I awoke this morning to a lovely spring day; sun shining; birds singing and this view from the bedroom
I then picked up my iPad and wrote this as a stream of consciousness. No editing. Just saying –
In three weeks
I shall leave this place
So full of happy memories
of love shared
of laughter and friendship.
But now the house sits empty
of those shared things.
What is a house without sharing
It is but an empty shell.
And so now, once again
the wheels of my life have turned
and again, I face the future alone.
Alone, but now even stronger
Strengthened with the memories
of this late love we shared
for such a very short time.
But length of time is irrelevant
You will live in my heart forever my love.

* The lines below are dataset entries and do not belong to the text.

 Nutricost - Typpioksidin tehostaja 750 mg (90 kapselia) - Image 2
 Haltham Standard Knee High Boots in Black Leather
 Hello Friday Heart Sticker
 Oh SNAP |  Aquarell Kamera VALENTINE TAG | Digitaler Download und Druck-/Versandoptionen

And then I got up and saw this
and just knew how I was going to spend this beautiful Saturday. Isn’t it amazing how much one gathers in a very short time?
And now another quote from Edna St. VincentMillay
“Time does not bring relief; you all have lied
Who told me time would ease me of my pain!
I miss him in the weeping of the rain;
I want him at the shrinking of the tide”.
But enough of melancholy and feeling sorry for myself. I can still enjoy this lovely day, the warmth of friendship and the knowledge that I have so much more in my life than many others.
And now because I’m English and I drink tea
I shall make a pot and think about where I am, where I’ve been and where I’m going.